Thursday, November 08, 2007

a pack

Bicycling home on Tuesday I had a spill. Luckily, it was not while I navigated, just seconds before, a crossing of University Avenue at rush hour. Instead, it was on a quiet street. And, even more fortunately, the spill was not of me, but of my grocery bag: it bumped and rocked against the wheel of the bike from the moment I pulled out of the Whole Foods lot, until it could not take the abuse, exploding right there, in the middle of a hill, so that I would watch the Meyer lemon roll down and split in half. I’m not going to even mention the fate of the five pound sack of purple potatoes and the three pound bag of fuji apples.

I thought for a while if a dirty Meyer lemon is better than no Meyer lemon, deciding finally that the answer is yes, and pedaled after it.

I need a bigger pack, I told pretty much anyone I encountered the next day. And I want it to be funky cool.

Why is it that now, when I am not at a funky cool age, would I even care?

Style. We all develop it, whether we want to or not. Even Ed has style. Of a kind. And whatever mine is, I do not want it to wear the “sensible” tag. Because I am not that. Not much that I have done is sensible (with the possible exception of going to law school), not much that I envision for the year ahead is sensible either.
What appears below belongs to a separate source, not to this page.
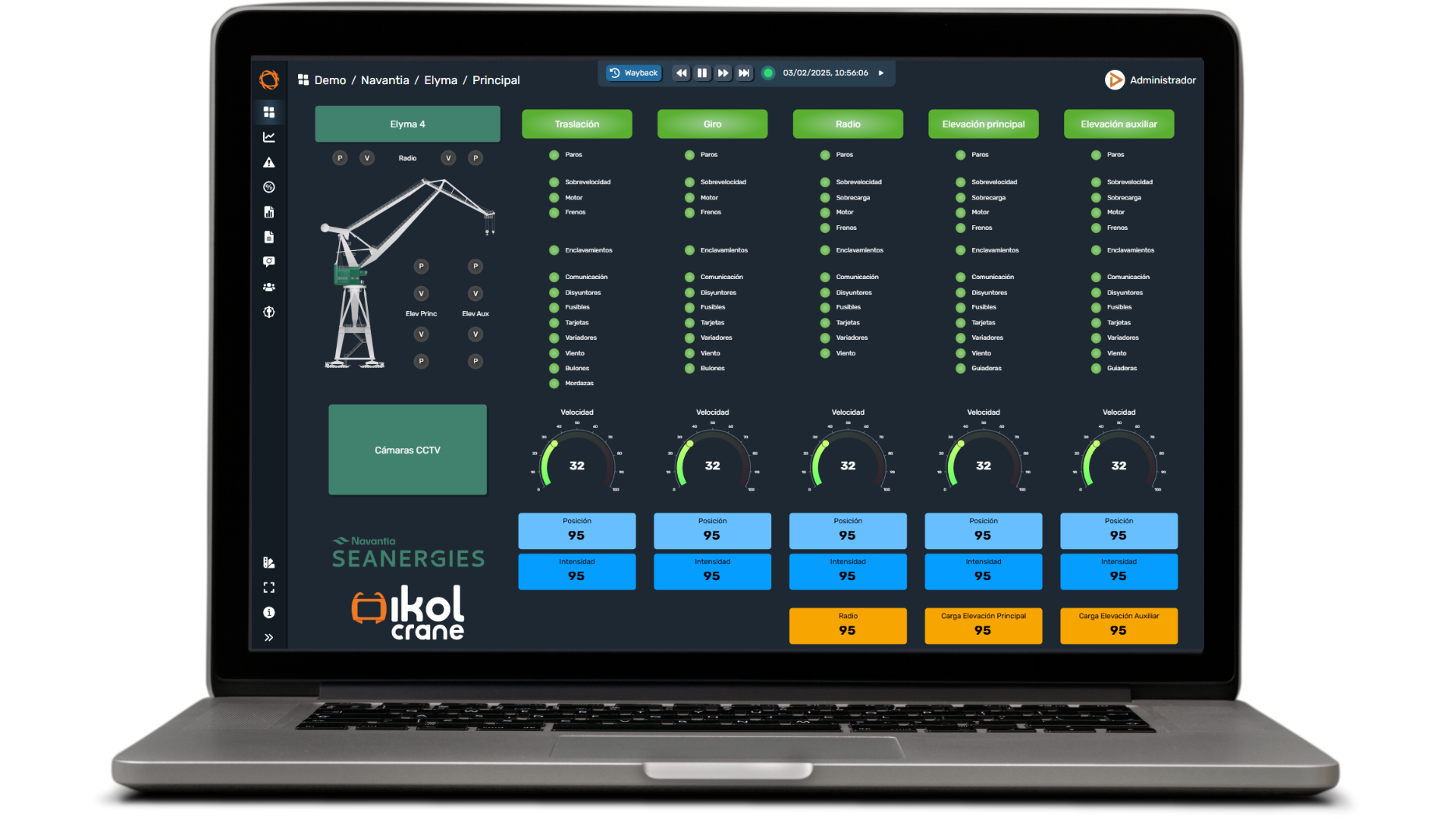 Interfaz de sistema industrial y panel de monitorización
I’m not saying this to put down “sensible,” but, as I have paid the price of being not sensible in so many decisions that I have made, I want to reap the benefits too. By wearing a not-necessarily-sensible-looking pack.

Get a Chrome – one student suggested.
No, a Crumpler bag. It’s great for biking.
North Face. Everyone wants North Face.
In Walmart, they have packs for under $30
– this from Ed.

I didn’t pick up any of the above because ones that seemed funky and cool were the equivalent of one night’s stay in Paris, even at today’s dollar value in Europe.

But I walked up and down State Street after work and I hoped. Not that the pack of such artistic merit would irresistibly come before me, but that I would come to grips with the fact that we are about to embark on a cold season that will not require a pack, because it will be too cold to bike to work. It already is too cold.

But you could not tell this on State Street, where the late day sun made things seem gentle and quiet. Almost warm.